Cresci ouvindo os meus parentes mais velhos falando sobre o desastre de 50. Alguns deles estiveram no Maracanã e assistiram ao jogo. Anos decorridos falavam sobre o segundo gol do Uruguai como se ocorrido na véspera.  Pátria e futebol estavam de tal modo plasmados na cabeça deles que não conseguiam distinguir a derrota da realidade nacional. O Brasil fora derrotado no Maracanã, deixando para o futuro a maior tragédia da nossa história.

Perdemos em 54 para a Hungria, mas nos vingamos em 58 na Copa da Suécia. Ouvi a transmissão da memorável conquista de 58 pelo rádio. Era inacreditável. De repente o fenômeno Pelé encantava a nós e ao mundo. Nascia ali o futebol vitorioso, maior aliado dos brasileiros a estimulá-los contra a dureza do dia-a-dia de um país terceiro-mundista e atrasado. Nossa única glória era mesmo o futebol vitorioso, fantástico, fenomenal.

Ganhamos outras Copas, choramos em 82 com a derrota da grande seleção comandada por Telê. Tornamo-nos os únicos pentacampeões mundiais, orgulho da raça. Como na letra do samba, “maior no futebol é o brasileiro”.

A trajetória gloriosa terminou ontem. Derrotados e humilhados em nossa própria casa pela seleção da Alemanha só nos restou enfiar a viola no saco e fingir-nos de mortos.  A casa que já vinha tremendo finalmente caiu de forma vexaminosa.
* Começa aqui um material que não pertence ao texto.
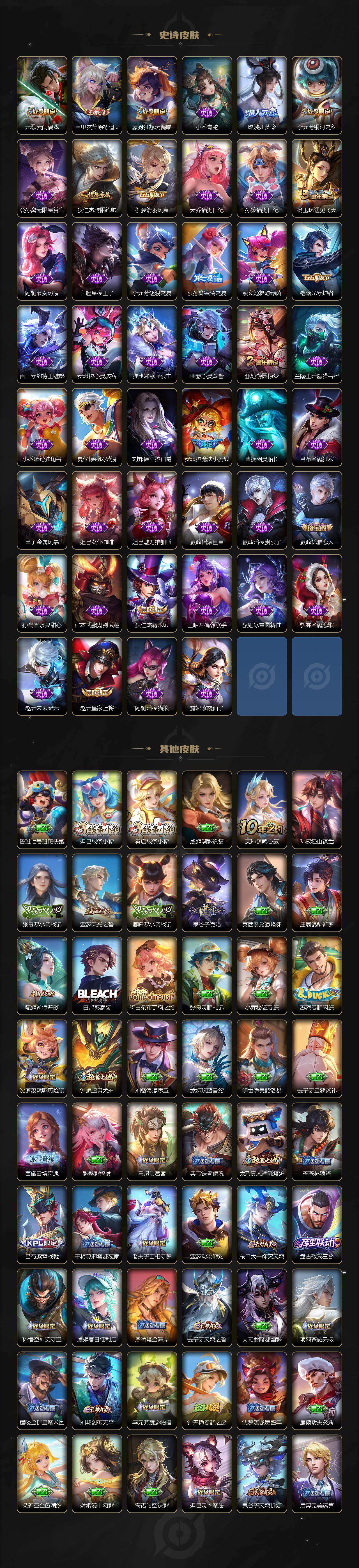 WZCMW4190143王者荣耀账号详情图4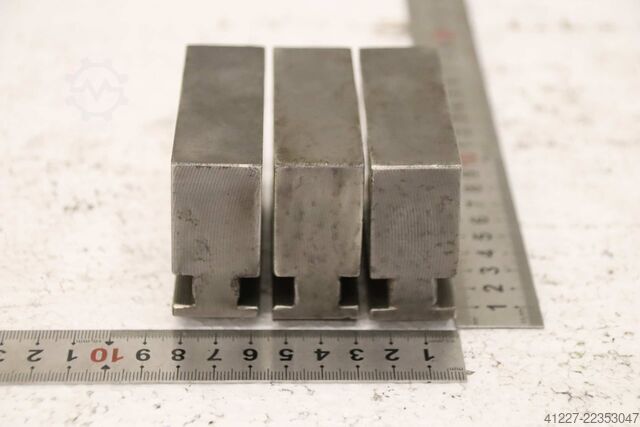 Interchangeable jaws 7 set unbekannt Breite 25 mm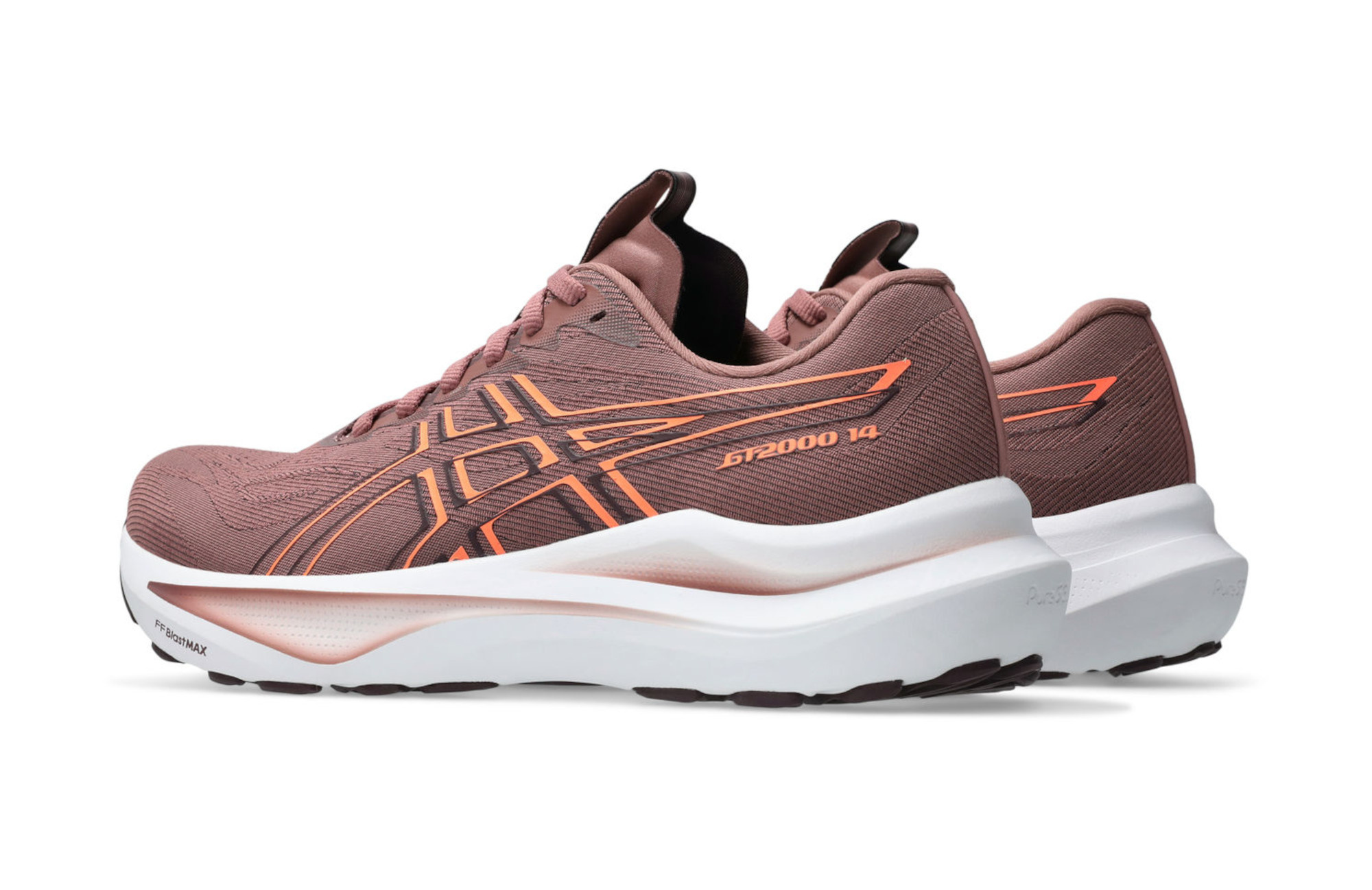 asics - bun GEL-GAME FF PADEL | Women | White/Purple Oxide | Damskie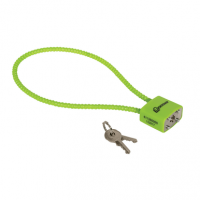 Lockdown Gun Lock Trigger Lock Open With Key Green Firearm Fit- Universal 15"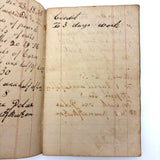 From Hog Butchering to Apple Varieties to Family Chronology, William Gimler's 1830s-40s Pocket Ledger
Os rapazes que perderam ontem por 7 X 1 da Alemanha talvez não tenham ideia da grandiosidade de sua derrota. Não perceberam, talvez, que craques do passado que já falecidos, certamente se viraram dentro de seus esquifes, revoltados. Não imaginaram que a derrota deles fez nascer enorme mancha sobre a gloriosa tradição do país no futebol. Não concluíram, talvez, que o que se jogava na semifinal de ontem era a maior parte do orgulho nacional.

Antes de ler nos jornais de hoje eu já tinha imaginado que ontem finalmente enterramos o fantasma de 50. O emblema da grande tragédia presenciada pelos nossos avós foi finalmente substituído por outro infelizmente maior e vergonhoso com o qual, queiramos ou não, teremos que conviver daqui pra frente.

Sonhei na madrugada com os gols alemães que não me saiam da cabeça. Ouvi o riso e as piadas de nossos tradicionais adversários que gozaram ao máximo o momento da nossa desgraça.

Levantei-me cedo hoje. Sai à rua sentindo-me desorientado. A ressaca da derrota é dolorosa e realmente pesa mais na manhã seguinte quando nos conscientizamos da dimensão do estrago irreversível.

Andando na calçada topei com uma televisão quebrada. Um vizinho me contou que, terminado o jogo de ontem, um homem saiu de sua casa com a televisão e quebrou-a, dizendo que naquele vídeo não veria mais nenhuma imagem.

Encontrei nas ruas um mundo quieto. Na padaria um alemão tomava café e ouvi duas vendedoras cochicharem que o melhor seria ele não fazer nenhuma gracinha porque a coisa poderia pegar.

Agora são quatro horas da tarde. Ainda me sinto atordoado.